Aux dépens du Saint-Père (p. 49-59).
Leçon V.  ►
Tome I, Leçon IV.

La Rhétorique des putains, Bandeau de début de chapitre
La Rhétorique des putains, Bandeau de début de chapitre

LEÇON IV


MARTHE

Après vous avoir prouvé ma proposition par des exemples, il faut vous la confirmer aujourd’hui par des autorités. Sachez que mon instituteur, mon Tartufe, mon abbé, lorsqu’il me donnait ses leçons de géographie, me dicta, un jour, un chapitre qui me parut d’abord une digression mal placée ; mais je m’aperçus bientôt après que son discours, quoique en apparence hors de notre sujet principal, nous y amenait indirectement.

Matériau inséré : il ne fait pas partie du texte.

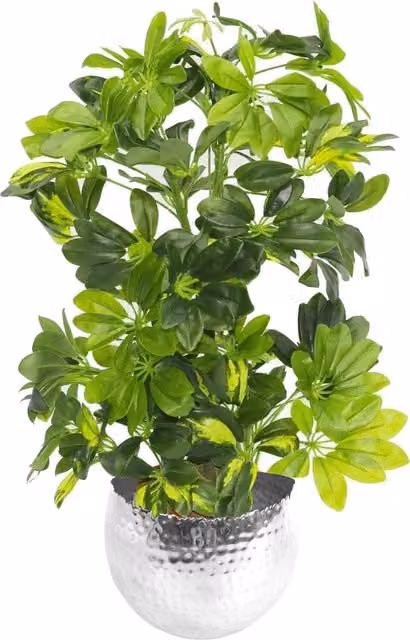 Artificial Arboricola Gold Capella Green Plant with Silver Metal Planter, Height: 65 cm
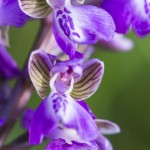 nature-orchidées-2015-marie-colette-becker-09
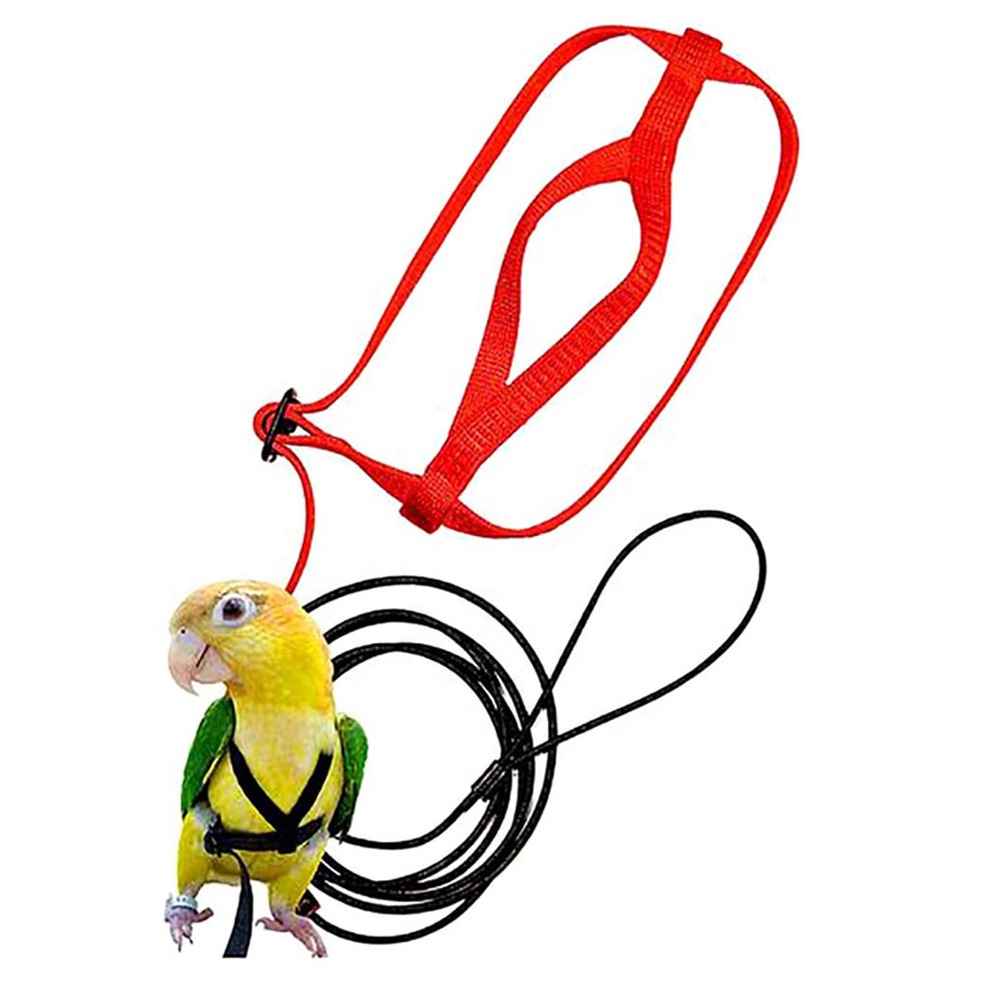 Parrot Harness Petite L184,H5cm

— Écrivez, me dit-il, et vous allez voir, par les autorités les plus incontestables de nos moralistes, les plus classiques, les plus accrédités, les plus catholiques, les mieux suivis, que vous pouvez, sans en faire conscience, me laisser entrer dans votre petit jardin.

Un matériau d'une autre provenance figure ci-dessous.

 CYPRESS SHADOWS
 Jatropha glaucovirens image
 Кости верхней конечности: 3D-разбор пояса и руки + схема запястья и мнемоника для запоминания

Après chaque autorité, il mettait, de sa main, à la marge des mots latins que je ne comprenais pas, mais qui étaient, à ce qu’il me disait, les citations des passages, pour me faire voir qu’il n’y avait rien d’inventé, et pour mieux m’en convaincre par la confrontation.

ANGÉLIQUE

Mais vous venez de me dire que vous ne comprenez pas le latin. Vous auriez donc dû communiquer ces écrits à quelqu’un pour vérifier les passages en les confrontant les uns avec les autres. Est-ce que monsieur l’abbé ne vous recommandait pas le secret ?

MARTHE

Il me disait bien que la prudence et le secret étaient nécessaires pour sauver la bienséance ; mais c’est qu’il se proposait de m’enseigner lui-même le latin. Par malheur, un mois après, l’archevêque lui conféra une très bonne cure dans un gros village fort éloigné ; il s’en alla donc ouvrir le chemin du salut à ses paroissiennes, et nous en pleurâmes bien, ma mère et moi.

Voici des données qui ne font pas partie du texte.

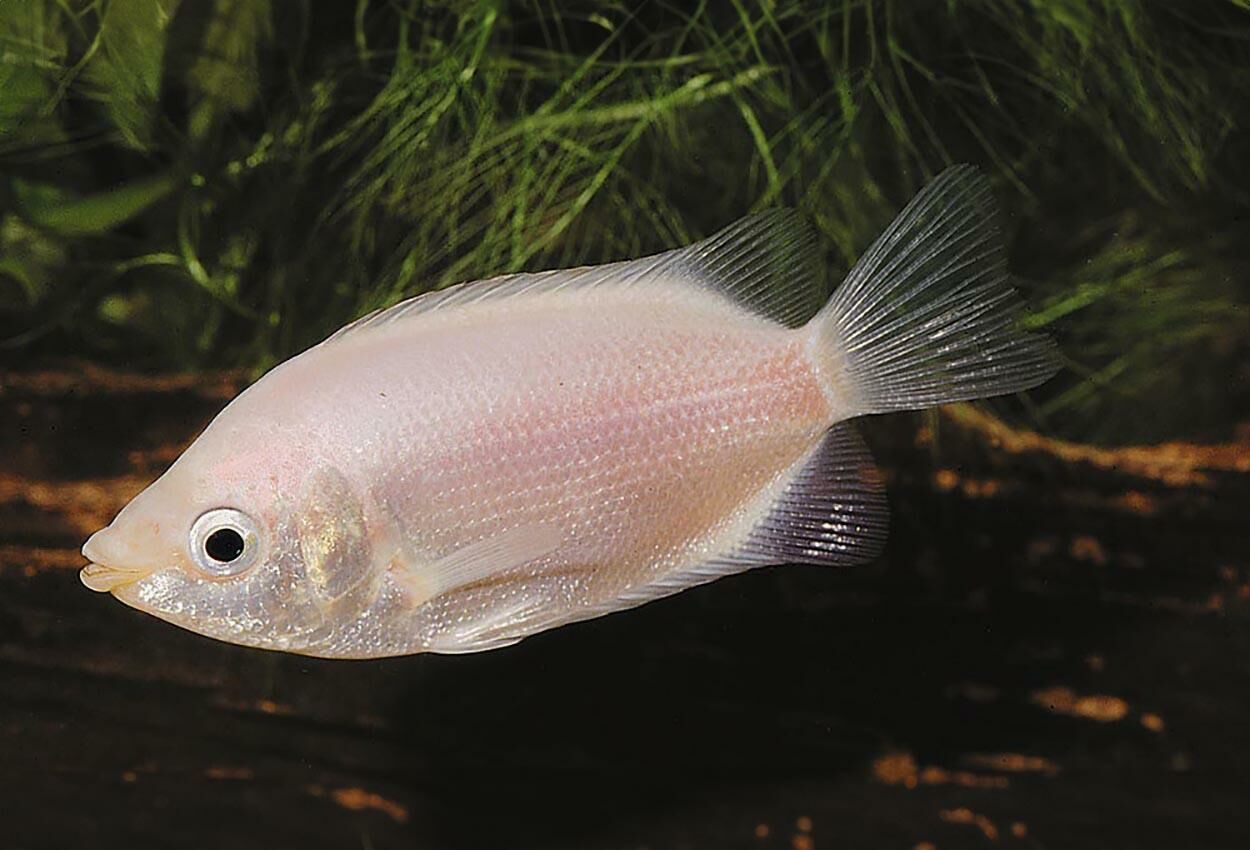 Imagem do Peixe Beijador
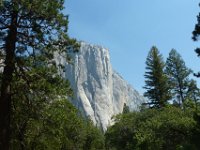 USA2016-401  Yosemite National Park : 2016, August, Betty, US, holidays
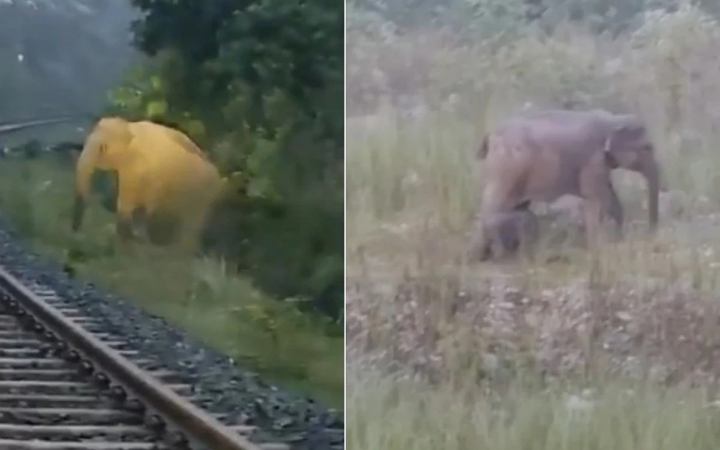 ঝাড়খণ্ডে রেললাইনে সন্তান জন্ম দিল মা হাতি!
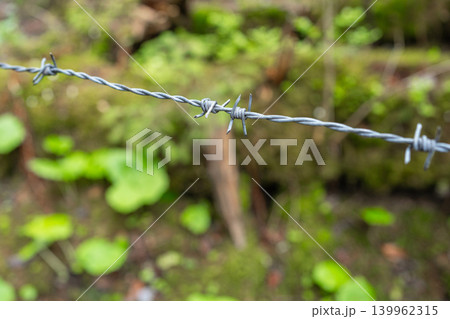Close up of a sharp metal barbed wire fence stretching across a green forest area. Blurred background of moss and plants, safety or border concept Close up of a sharp metal barbed wire fence stretching across a green forest area. Blurred background of moss and plants, safety or border concept 139962315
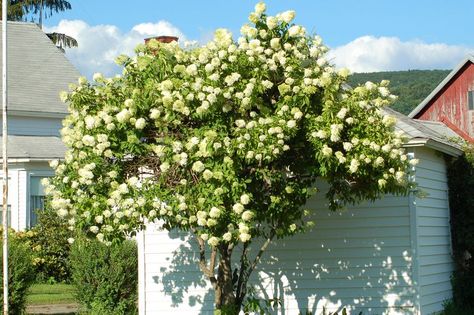 The Hydrangea Bush That Aspires to Tree Status. Would like to use this in a pot with hackonchloa grass. Pot to be near love seat as a floating divided bw seating and dinning area along wall. Hydrangea Grandiflora, Fast Growing Privacy Shrubs, Bobo Hydrangea, Hydrangea Tree, Shrubs For Privacy, Tall Shrubs, Panicle Hydrangea, Limelight Hydrangea, Hydrangea Bush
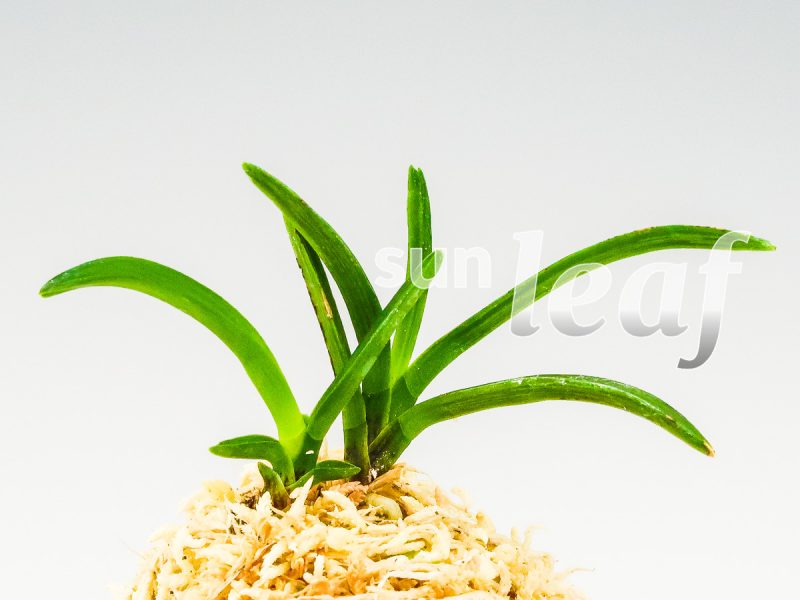 Неофинетия фальката БЭНИ БОТАН 紅牡丹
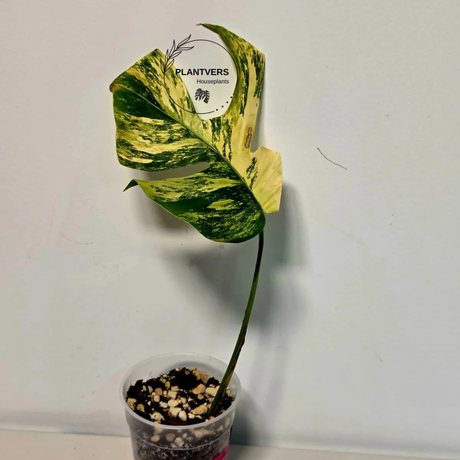 Variegated Monstera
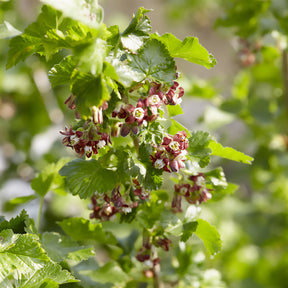 Jostabes - Ribes nidigrolaria Josta - Willemse
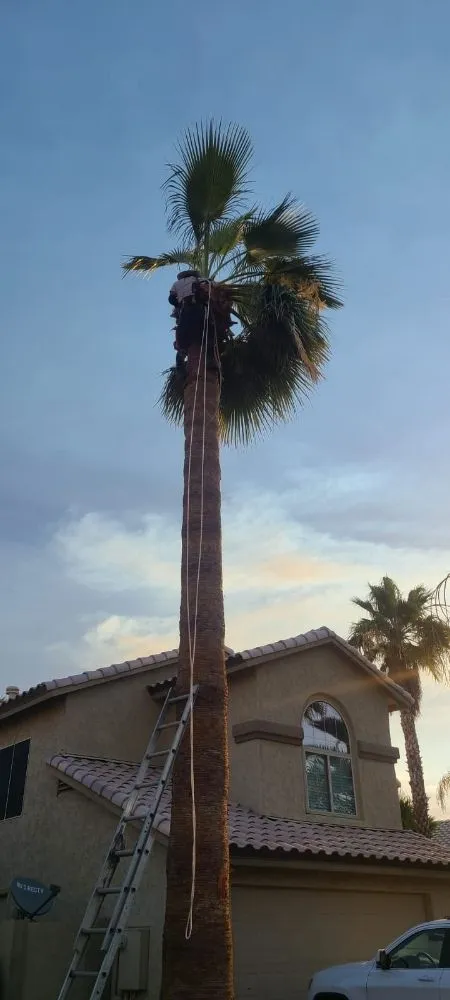 Affordable garden landscaping with custom design in Phoenix, AZ by Praying Mantis Landscaping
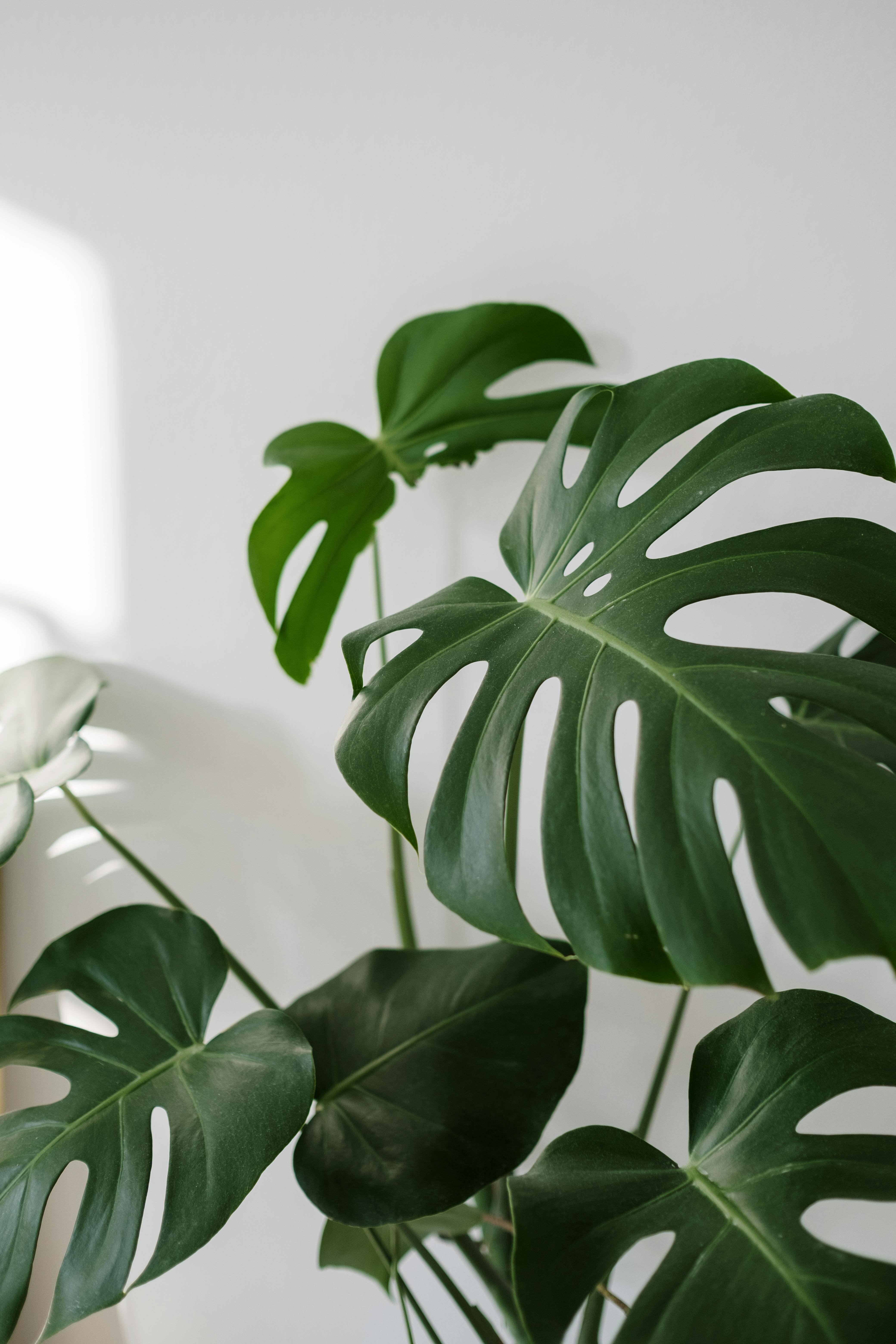 Monstera Deliciosa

J’écrivis donc ce que j’ai appris par cœur, et que je vais vous réciter. Sachez d’abord que c’est une chose très indifférente en elle-même que de prêter l’oreille, avec plaisir, à des discours libres et lascifs, et qu’on peut bien, sans faire de grimaces, entendre parler de Cons, de Vits, et de F…[1]

Il est aussi permis à qui que ce soit, pourvu qu’on ait des yeux, de lire tous les livres qui, de la manière la plus sensible, traitent du livre qui n’a que deux feuilles[2].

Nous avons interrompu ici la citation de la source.